In 1968, America was embroiled in protests over civil rights and the Vietnam War. In that tumultuous time, “The Tonight Show” host Johnny Carson turned over hosting duties for an entire week to actor and activist Harry Belafonte. His cast of guests included Martin Luther King Jr. and Bobby Kennedy, just months before they were assassinated, during a week that’s been mostly lost in American history. Thankfully it’s now being revisited in a new Peacock documentary, executive produced by MSNBC host Joy Reid and directed by award-winning filmmaker Yoruba Richen, aptly titled The Sit-In: Harry Belafonte Hosts The Tonight Show. Now available for streaming on demand on NBC Peacock, the documentary will have a special screening on MSNBC on Saturday, Sept. 12 at 10pm ET and PT and features audio of Belafonte’s Tonight Show interviews with The Smothers Brothers, Bill Cosby and Lena Horne courtesy of TV Confidential‘s Phil Gries. (Director Richen discusses Phil’s vital contributions to the documentary in an interview with Deadline that you can read here.)
At the time, Carson’s pioneering late night variety show had become one of the country’s most influential platforms. So the move to have Belafonte take this mainstream institution and transform it into a multicultural and political experience, introducing white America to his world of art and activism, was unprecedented.

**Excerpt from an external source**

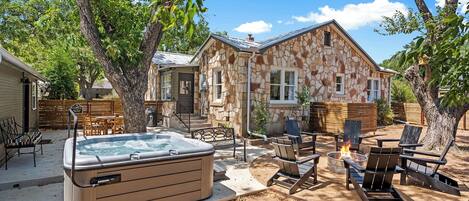 Outdoor spa tub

Belafonte became the first Black person to host a late-night TV show — even if it was only for a week, as Richard Nixon’s problematic and controversial presidency loomed ominously on the horizon. His guests also included notable African Americans of the day like Lena Horne, Nipsey Russell, Bill Cosby, and others, all engaged in searing, in-depth interviews, taking place in an America that was forced to really contend with itself as a country on the verge of radical change. The Civil Rights and Voting Rights Acts, for example, which still left Black Americans behind economically, signaled some progress, no matter how incremental.
Each guest came across as thoughtful and admirable — but also shaken by the uncertainty of the time. It was clear and understandable that none of them had answers to the country’s complications.
But the show wasn’t all politics. As host, Belafonte also entertained his audience with comedy and music. Watching Paul Newman play the trombone, reliving his role as an expatriate trombonist in Martin Ritt’s 1961 drama “Paris Blues,” which co-starred Sidney Poitier and Joanne Woodward, was especially a treat. The charming Belafonte also verbally jousted with announcer Ed McMahon, and showed home videos of his family on vacation.
Other guests included singers Buffy Sainte-Marie, Petula Clark, Dionne Warwick, and Robert Goulet; comedians Tom and Dick Smothers; actor Sidney Poitier; poet laureate Marianne Moore; and others, mostly African American.
A ratings success, Belafonte’s week-long “Tonight Show” hosting engagement offered a very necessary panoramic view of an America that was on the cusp of transformative social change, featuring celebrity guest interviews — even though edged with gloom — were collectively working to close gaps between the races and classes. “The Sit-In” captures the importance of this lost broadcast history.
Now, 93-year-old Belafonte — a staunch supporter of progressives like Bernie Sanders, who served as honorary co-chair for the 2017 Women’s March on Washington — has devoted his twilight years to social activism, outliving many of the guests he hosted on “The Tonight Show” during that February week in 1968; people he called friends who were working to create an environment that wouldn’t tolerate the killings of Trayvon Martin in 2013, or Freddie Gray in 2015, and George Floyd most recently.
The documentary highlights never-before-seen footage from this pivotal time, which set the stage for the confluence of late-night and politics that audiences appreciate today.